→ **Action item**
What you need to produce from the material below is an exact transcription of the lines from the one with "Il primario di" through the one with "Matador CT-2000 Fibre", both included, and no other line.

→ **Source material**
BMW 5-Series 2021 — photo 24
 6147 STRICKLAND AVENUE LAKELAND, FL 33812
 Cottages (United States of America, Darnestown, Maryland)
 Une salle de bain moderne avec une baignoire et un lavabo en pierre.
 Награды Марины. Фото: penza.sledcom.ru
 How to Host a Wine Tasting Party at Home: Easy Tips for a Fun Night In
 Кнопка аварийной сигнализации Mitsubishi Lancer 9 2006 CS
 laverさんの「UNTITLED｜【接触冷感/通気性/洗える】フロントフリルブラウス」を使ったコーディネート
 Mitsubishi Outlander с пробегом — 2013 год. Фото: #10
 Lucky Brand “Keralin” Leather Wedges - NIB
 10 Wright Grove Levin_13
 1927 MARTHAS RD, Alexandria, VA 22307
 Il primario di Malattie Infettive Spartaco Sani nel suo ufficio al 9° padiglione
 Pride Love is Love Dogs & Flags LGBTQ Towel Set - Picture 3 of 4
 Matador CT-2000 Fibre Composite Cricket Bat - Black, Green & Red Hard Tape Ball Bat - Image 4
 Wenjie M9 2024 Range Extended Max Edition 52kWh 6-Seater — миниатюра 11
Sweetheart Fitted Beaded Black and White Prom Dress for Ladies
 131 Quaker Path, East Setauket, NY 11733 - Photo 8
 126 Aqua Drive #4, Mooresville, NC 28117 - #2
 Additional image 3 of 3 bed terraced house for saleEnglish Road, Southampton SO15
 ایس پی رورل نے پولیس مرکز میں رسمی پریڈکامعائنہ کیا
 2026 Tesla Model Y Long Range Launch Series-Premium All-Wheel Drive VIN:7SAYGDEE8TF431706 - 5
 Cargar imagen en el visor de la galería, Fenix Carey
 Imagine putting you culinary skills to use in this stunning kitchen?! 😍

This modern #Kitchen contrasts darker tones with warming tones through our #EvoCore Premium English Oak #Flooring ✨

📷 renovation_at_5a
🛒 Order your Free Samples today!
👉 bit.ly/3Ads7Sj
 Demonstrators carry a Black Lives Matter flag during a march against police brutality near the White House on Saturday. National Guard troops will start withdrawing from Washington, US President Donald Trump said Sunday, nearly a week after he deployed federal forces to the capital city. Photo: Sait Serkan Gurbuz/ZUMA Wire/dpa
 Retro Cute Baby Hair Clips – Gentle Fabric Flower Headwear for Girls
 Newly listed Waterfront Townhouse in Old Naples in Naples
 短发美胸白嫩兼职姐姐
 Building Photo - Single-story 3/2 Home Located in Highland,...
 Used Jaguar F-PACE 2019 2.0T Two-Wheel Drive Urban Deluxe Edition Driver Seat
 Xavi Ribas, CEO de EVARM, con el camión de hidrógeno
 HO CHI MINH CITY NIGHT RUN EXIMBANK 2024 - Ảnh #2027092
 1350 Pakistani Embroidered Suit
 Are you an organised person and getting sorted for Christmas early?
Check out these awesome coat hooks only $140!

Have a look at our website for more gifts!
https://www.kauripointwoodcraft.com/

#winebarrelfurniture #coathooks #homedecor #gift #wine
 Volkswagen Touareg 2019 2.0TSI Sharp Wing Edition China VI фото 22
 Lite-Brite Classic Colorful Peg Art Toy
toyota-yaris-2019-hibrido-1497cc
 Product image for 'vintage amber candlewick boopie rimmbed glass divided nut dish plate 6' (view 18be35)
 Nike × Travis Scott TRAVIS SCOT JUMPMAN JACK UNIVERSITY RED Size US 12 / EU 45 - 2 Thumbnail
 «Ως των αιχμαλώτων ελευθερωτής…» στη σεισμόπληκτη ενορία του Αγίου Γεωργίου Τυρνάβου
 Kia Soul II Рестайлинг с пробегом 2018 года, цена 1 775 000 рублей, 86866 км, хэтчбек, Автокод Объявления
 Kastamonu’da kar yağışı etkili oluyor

→ **Output**
 Il primario di Malattie Infettive Spartaco Sani nel suo ufficio al 9° padiglione
 Pride Love is Love Dogs & Flags LGBTQ Towel Set - Picture 3 of 4
 Matador CT-2000 Fibre Composite Cricket Bat - Black, Green & Red Hard Tape Ball Bat - Image 4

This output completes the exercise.